My local machine has user-level config in ~/.nuget/Nuget/Nuget.Config, which is the same, except for different credentials:

  <packageSourceCredentials>
    <custom>
      <add key="Username" value="my_username" />
      <add key="ClearTextPassword" value="my_personal_api_key" />
    </custom>
  </packageSourceCredentials>

That works in the ci/cd server, i.e. in production.

But locally (i.e. in development), I get 401/Unauthorized errors when running dotnet restore (etc.) - because the project-level config (which requires extra env vars) overwrites the user-level config. (I have many other repos with the same issue, so I don't want to export env vars or add stuff to my .bashrc: it's messy, I don't want to do that.)

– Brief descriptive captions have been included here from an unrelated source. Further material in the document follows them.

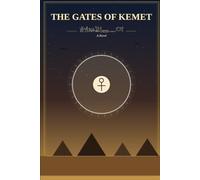 The gates of kemet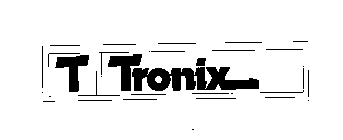 T TRONIX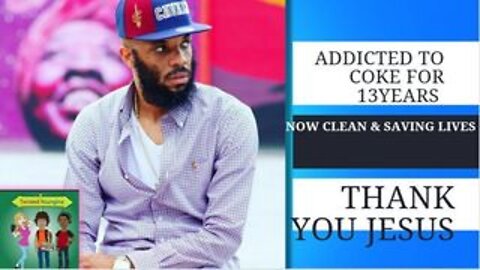 Jermaine Williams"Addicted to Coke for 13yrs, lost everything, Sought Jesus & Therapy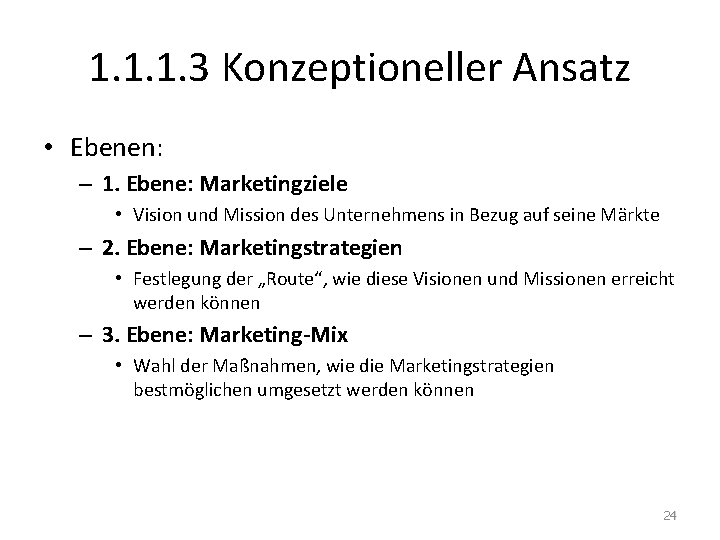 1. 1. 1. 3 Konzeptioneller Ansatz • Ebenen: – 1. Ebene: Marketingziele • Vision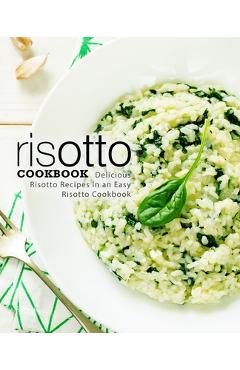 Coperta cărții 'Risotto Cookbook: Delicious Risotto Recipes in an Easy Risotto Cookbook - Booksumo Press'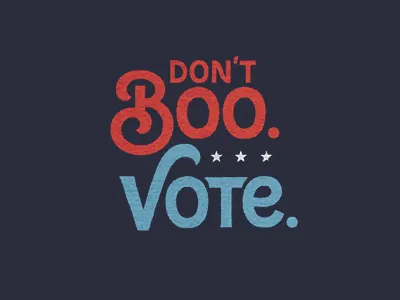 Dont Boo. Vote.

This seems to be the opposite to how it's typically done, where there is some "default" checked into source control, and it can be customised during development (with overriding config files) and production (with config files or env vars).

How do I do this?

(Cross-posted to repo.)


Solution

  • Project config in nuget.config:

    <?xml version="1.0" encoding="utf-8"?>
    <configuration>
    
      <packageSources>
        <add key="nuget.org" value="https://api.nuget.org/v3/index.json" protocolVersion="3" />
        <add key="custom" value="https://example.com/api/nuget/index.json" />
      </packageSources>
    
      <packageSourceCredentials>
        <!-- env vars provided by ci -->
        <custom>
          <add key="Username" value="%USERNAME%" />
          <add key="ClearTextPassword" value="%API_KEY%" />
        </custom>
      </packageSourceCredentials>
    
    </configuration>
    

    User config in ~/.nuget/NuGet/NuGet.Config:

    <?xml version="1.0" encoding="utf-8"?>
    <configuration>
    
      <!-- add this -->
      <disabledPackageSources>
        <add key="custom" value="true" />
      </disabledPackageSources>
    
      <packageSources>
        <add key="nuget.org" value="https://api.nuget.org/v3/index.json" protocolVersion="3" />
        <!-- add this -->
        <add key="custom-dev" value="https://example.com/api/nuget/index.json" />
      </packageSources>
    
      <packageSourceCredentials>
        <!-- add this -->
        <custom-dev>
          <add key="Username" value="username" />
          <add key="ClearTextPassword" value="password" />
        </custom>
      </packageSourceCredentials>
    
    </configuration>
    

    The trick is in the user config file: one must disable the package source, and then readd it under a different name and with different credentials.